## SOURCE MATERIAL
*** Begin section ***

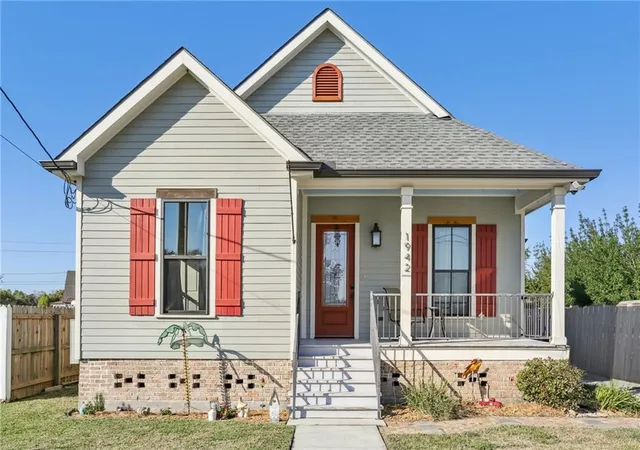 Photo 2 of Single family home for sale at 1942 Rose St, Arabi, LA 70032 | MLS# 2573031 | Listing updated on 2026-10-05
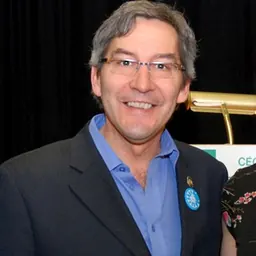 Portrait of Scott McKay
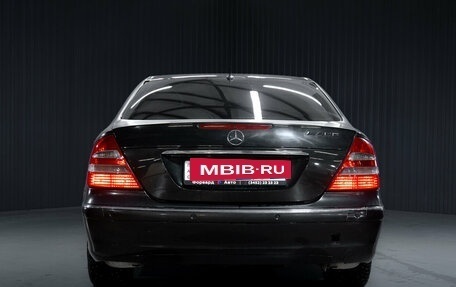 Mercedes-Benz E-Класс, 2002 год, 499 000 рублей, 6 фотография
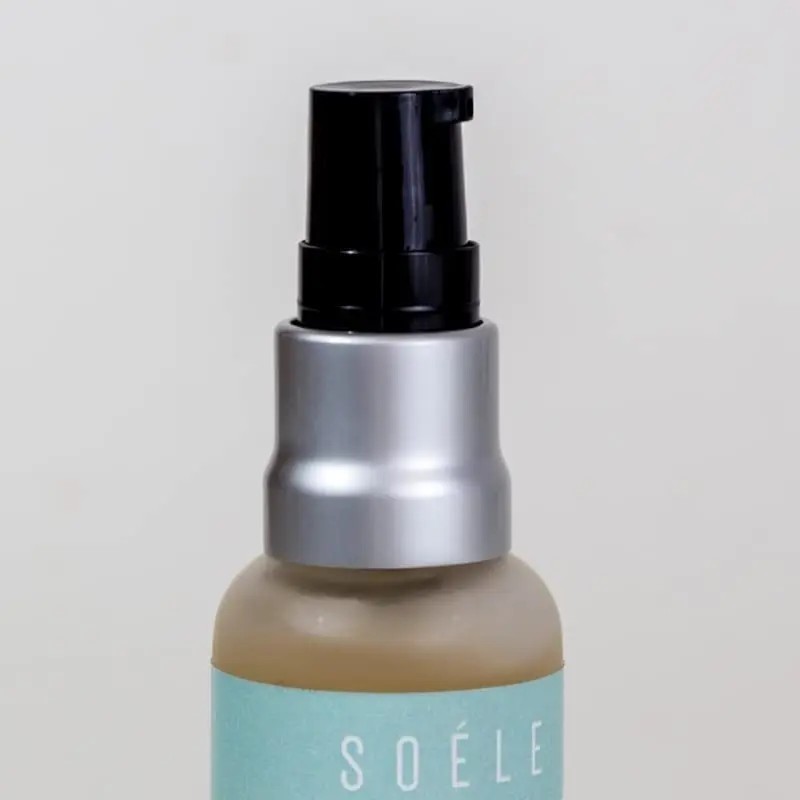 Serum Acido Hialurónico, Extracto Granada, Cempasúchil Paso3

*** End section ***

## WHAT YOU WILL DO
Take the listing and print it again exactly, but without any pictures.

## SOLUTION TO THIS TASK
 Photo 2 of Single family home for sale at 1942 Rose St, Arabi, LA 70032 | MLS# 2573031 | Listing updated on 2026-10-05
 Portrait of Scott McKay
 Mercedes-Benz E-Класс, 2002 год, 499 000 рублей, 6 фотография
 Serum Acido Hialurónico, Extracto Granada, Cempasúchil Paso3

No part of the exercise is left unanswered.